WHAT TO DO: Reproduce exactly the entries from the "马克思早期哲学思想的文本解读" line to the end. Skip all pictures.

Short descriptive text snippets:

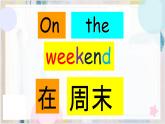 Unit 2 My week Part B Let's talk 课件)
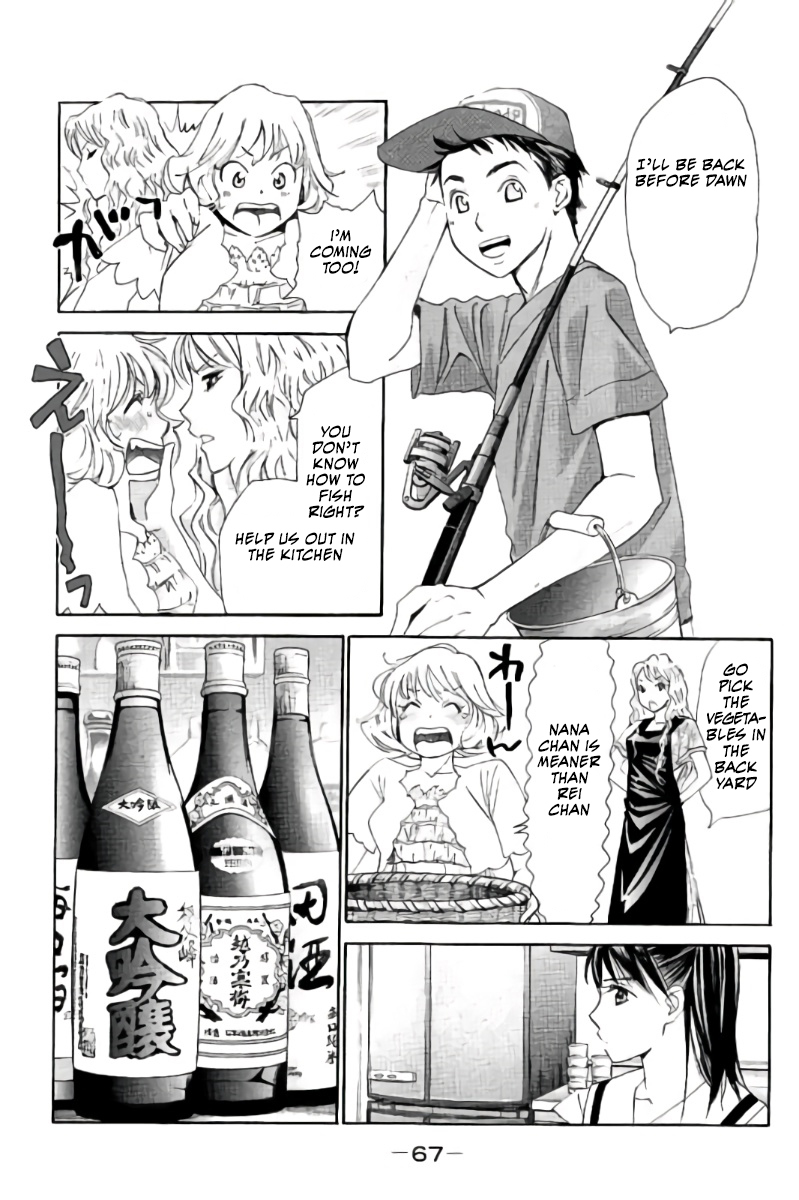 Hachi Ichi Chapter 69 page 16 - Chapter 69: The Stayed Behind Group's Summer Holidays (3)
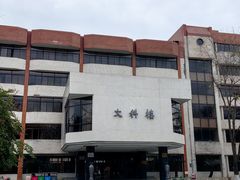 -四川大学(望江校区)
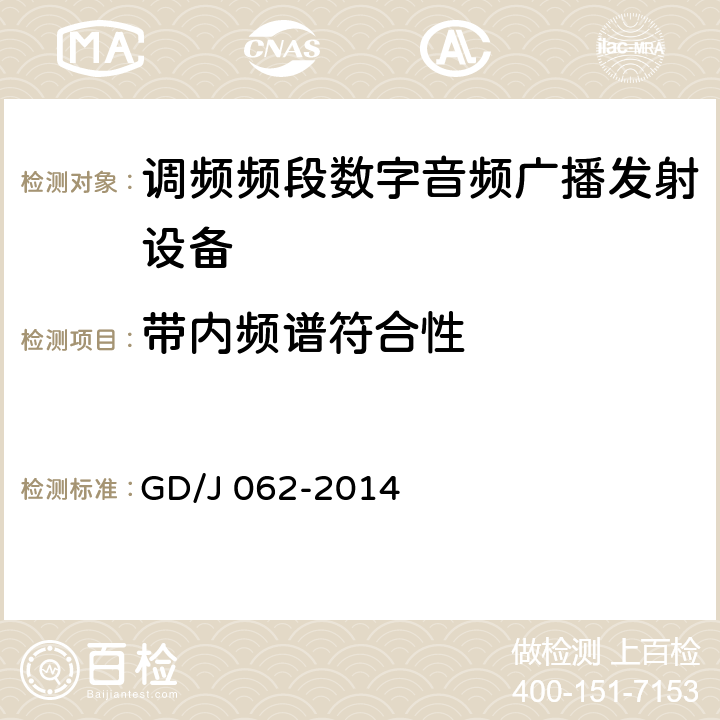带内频谱符合性 调频频段数字音频广播发射机技术要求和测量方法 GD/J 062-2014 5.2.8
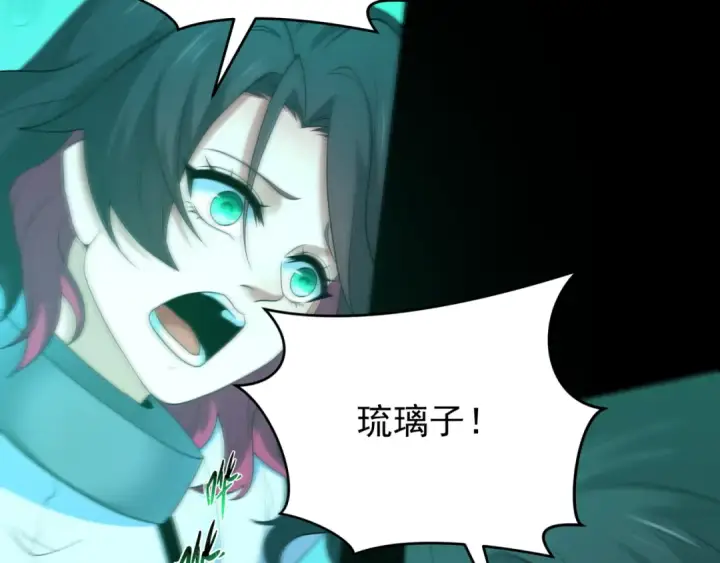 《全球诡异时代》第419话 扶桑篇图22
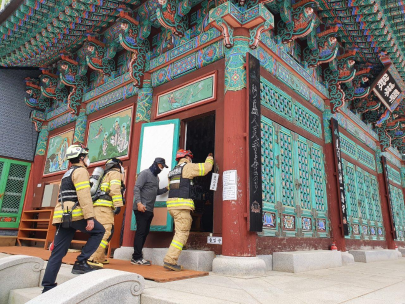 전통사찰 합동소방훈련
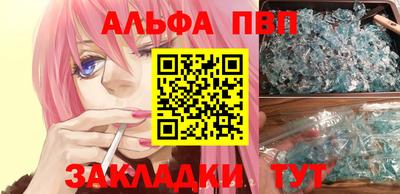 мефедрон мука Малгобек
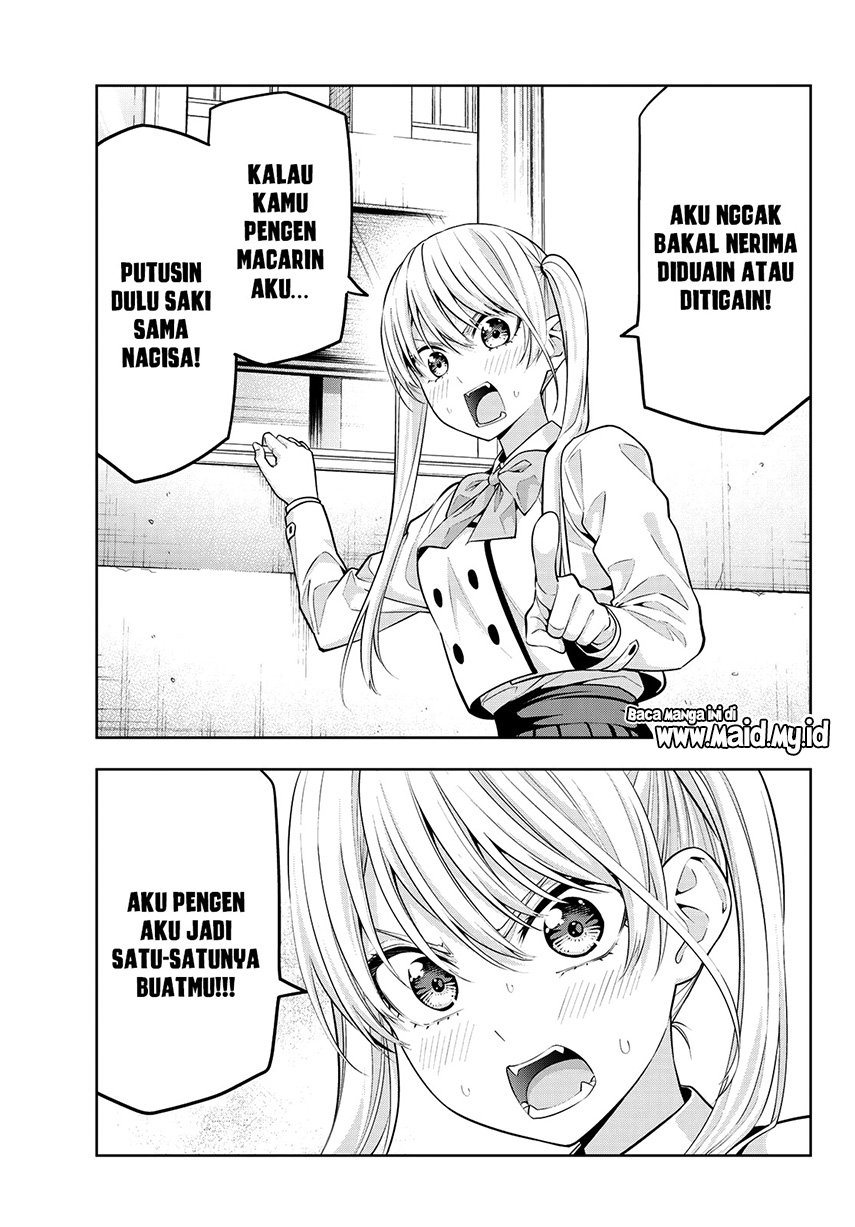 Kanojo mo Kanojo Chapter 25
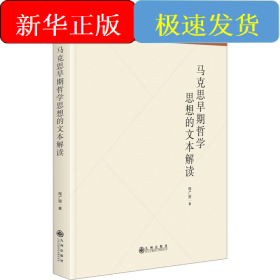 马克思早期哲学思想的文本解读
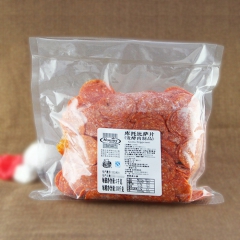 荷美尔比萨片 库托比萨片披萨片1kg切片萨拉米肠 比萨原料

RESPONSE FOR THIS EXERCISE:
 马克思早期哲学思想的文本解读
 荷美尔比萨片 库托比萨片披萨片1kg切片萨拉米肠 比萨原料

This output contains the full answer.